Eine andere Teilnehmerin in Zürich hatte laut Gerber einen aufwühlenden Schreibprozess durchlebt: Sie habe in ihrem Buch eine schlimme Kindheit und eine schlimme Ehe verarbeitet. «Schreiben ist auch therapeutisch», sagt Gerber. «Für mich ist es aber in erster Linie Lust.» Ihr Schreibstil ist persönlich und eigenwillig. Gewisse Formulierungen aus dem Dialekt lässt sie drin, entgegen dem Rat, sie zu streichen.

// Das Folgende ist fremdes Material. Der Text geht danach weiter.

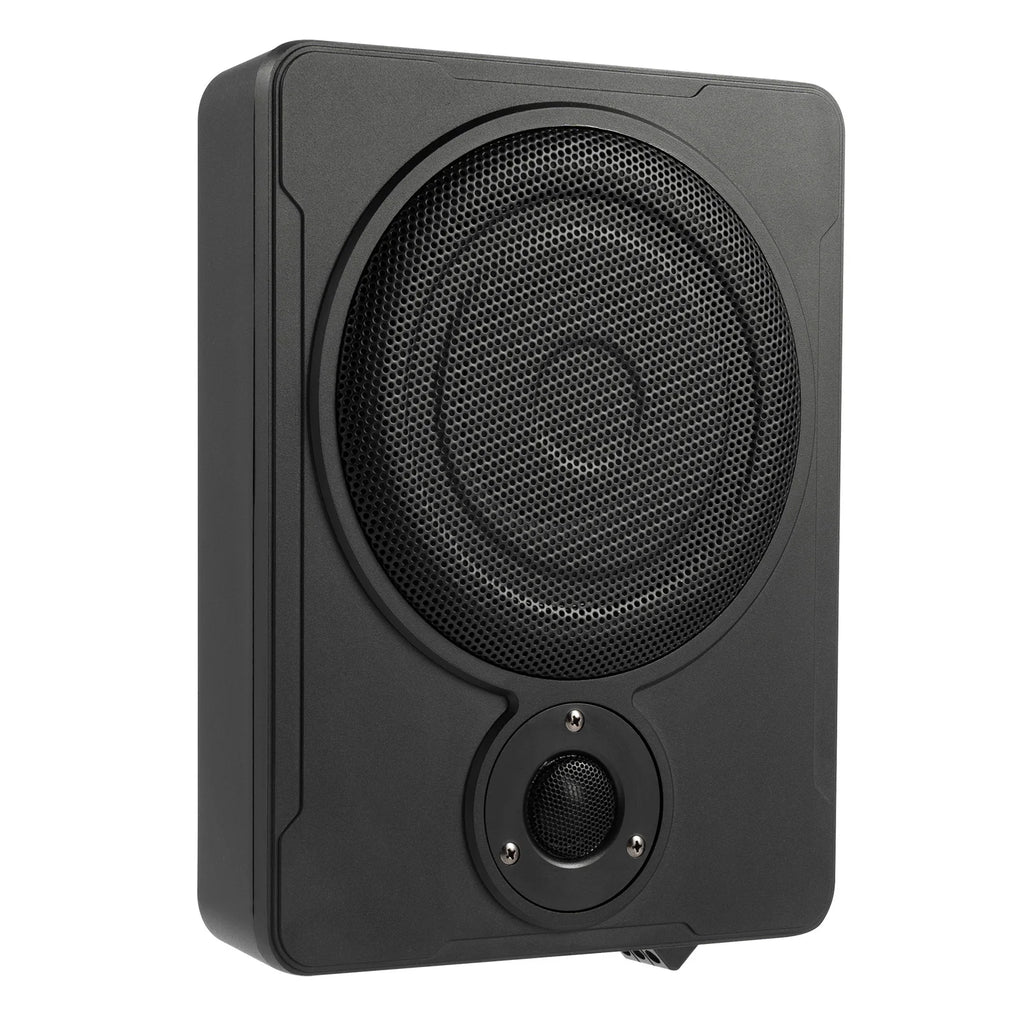 Black subwoofer on a white background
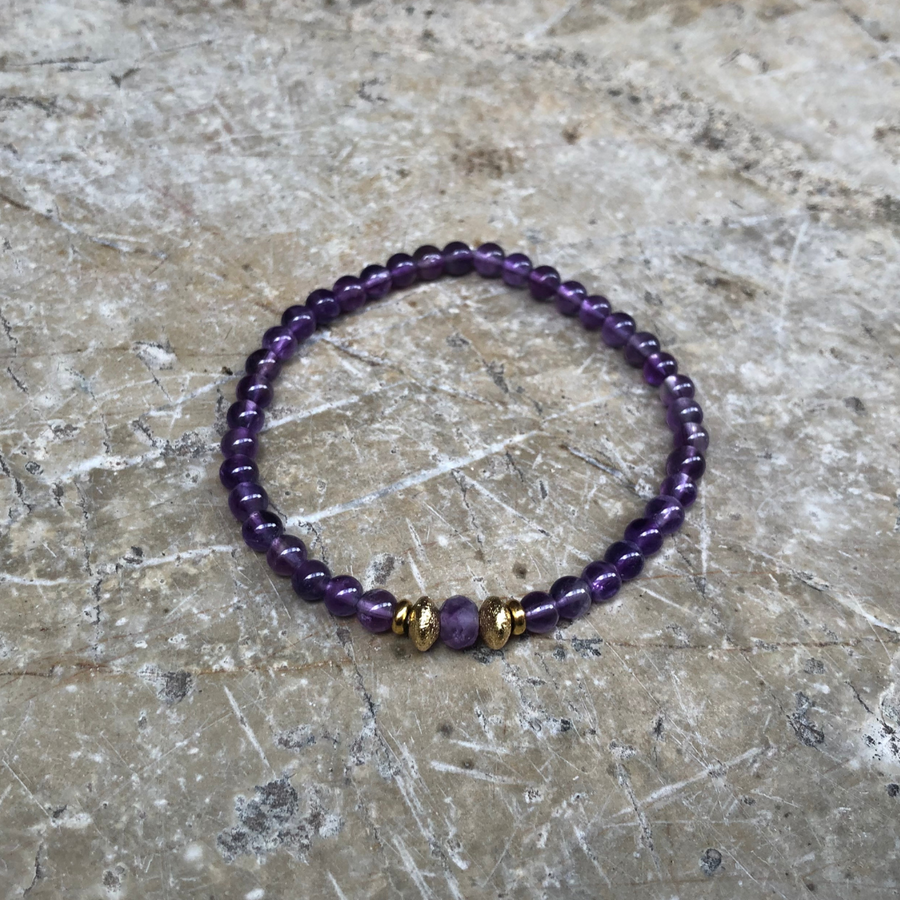 bracelet amethyste perles 4mm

Aber gerade wenn Leidenschaft dabei ist, sind festgelegte Rahmenbedingungen manchmal hilfreich. Ohne Einreichefrist wäre Katharina Gerber aufgeschmissen gewesen. Dies kommt wohl insbesondere Studierenden vertraut vor. Doch Leute im typischen Studierendenalter nehmen kaum am Projekt teil.
Von 36 bis 93
«Das Interesse, über das eigene Leben ein Buch zu schreiben, entwickelt sich meist erst mit fortschreitendem Alter», wird Frerk Froböse, Leiter von Edition Unik, einige Stunden später an einem Infoanlass über das Projekt sagen. Ausserdem brauche es ein gewisses Mass an Zeit und Musse, über die man meist erst verfüge, wenn die Arbeit nicht mehr jeden Tag rufe.

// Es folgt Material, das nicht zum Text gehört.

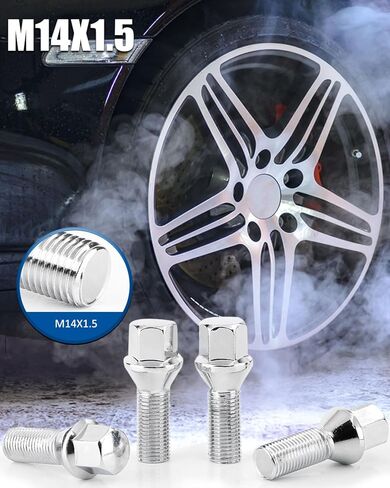 GAsupply 14x1.5 28mm Shank Lug Bolts, 20pcs Black Conical Seat 56mm Tall Lug Studs for Wheel Spacers, 17mm Hex in Saudi Arabia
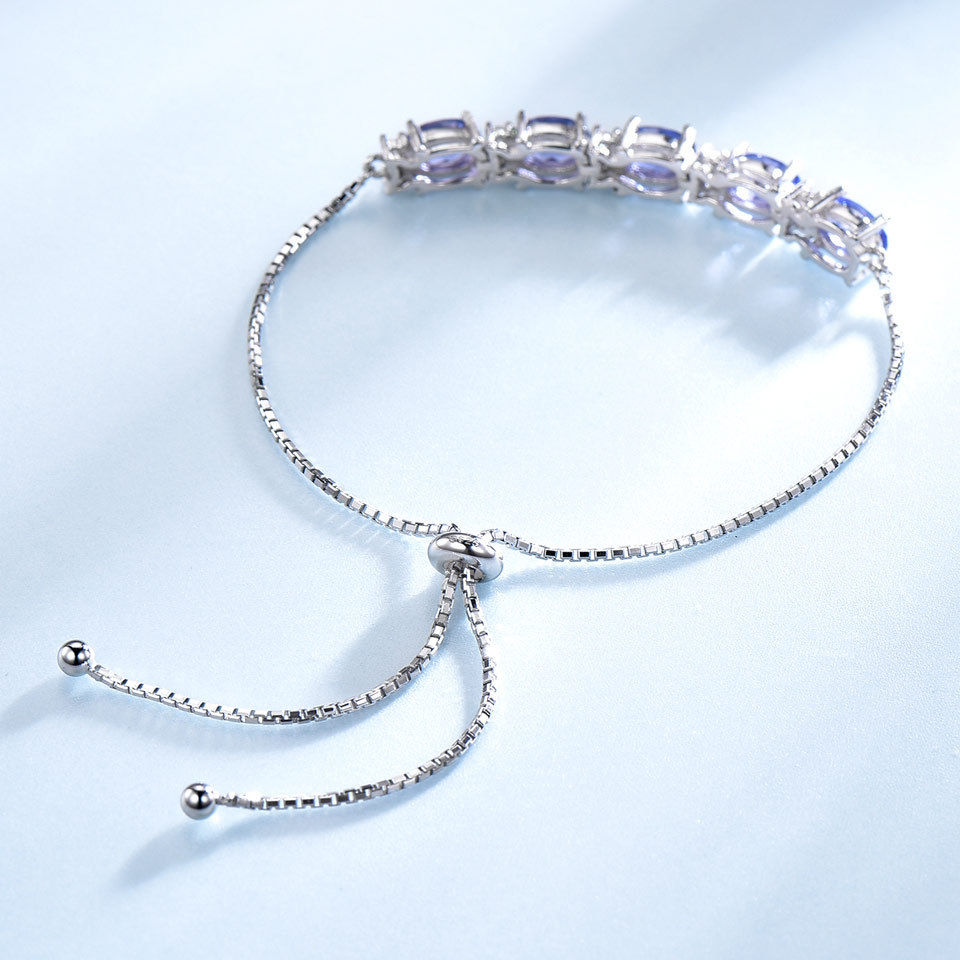 Thumbnail: Bracelets For Women Gemstone Blue Topaz Adjustable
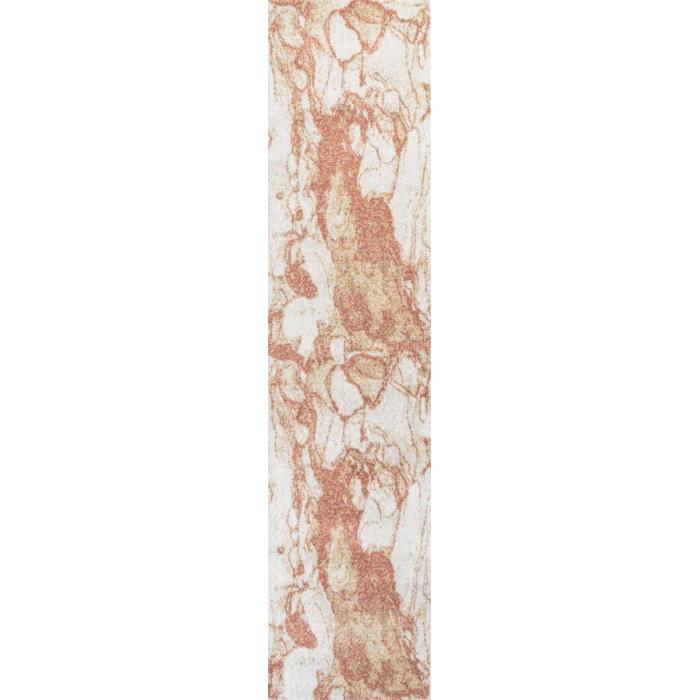 Marmo Abstract Marbled Modern Orange/Cream 2 ft. x 8 ft. Runner Rug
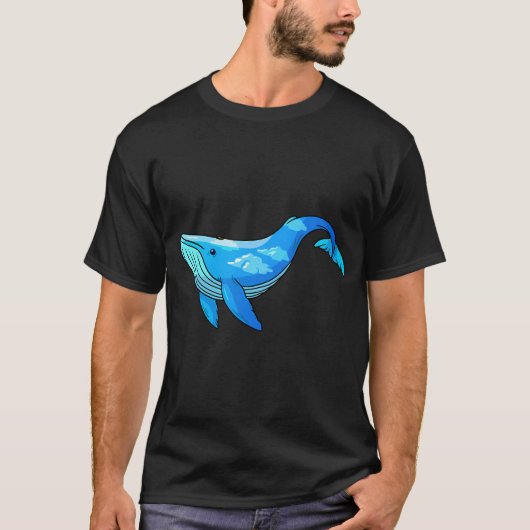 Blauer Wal mit Wolken T-Shirt (Vorderseite)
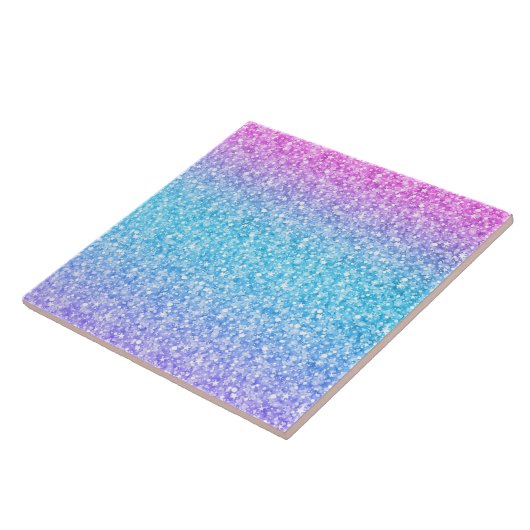 Kleurrijke Gradient Glitter Textuur Glitter Tegeltje (Zijkant)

So liege der Altersdurchschnitt bei über 60 Jahren. Die älteste Teilnehmerin war stolze 93, die jüngste 36 Jahre alt. Diese befand sich in Katharina Gerbers Gruppe. Die hautnahe Konfrontation mit der Vergänglichkeit hat die 36-Jährige zur Teilnahme gebracht: Sie habe den Krebs besiegt und einen Weg zur Verarbeitung gesucht, erzählt Gerber bei dem Treffen.
«Solche schlimme Ereignisse lasten nicht auf mir», sagt Katharina Gerber. Deswegen nennt sie ihr Leben auch eine Wundertüte. Dazu gehören drei Liebesbeziehungen seit ihrer Pensionierung. Ihnen widmete sie ihr zweites Buch. Sie hat es am 4. Dezember der Edition Unik zum Druck freigegeben. Das dritte Buch wird sie nun erstmals fast vor der eigenen Haustür in Bern umsetzen können. Und sie hat auch schon eine Idee: Es soll ein Gedichtbuch werden.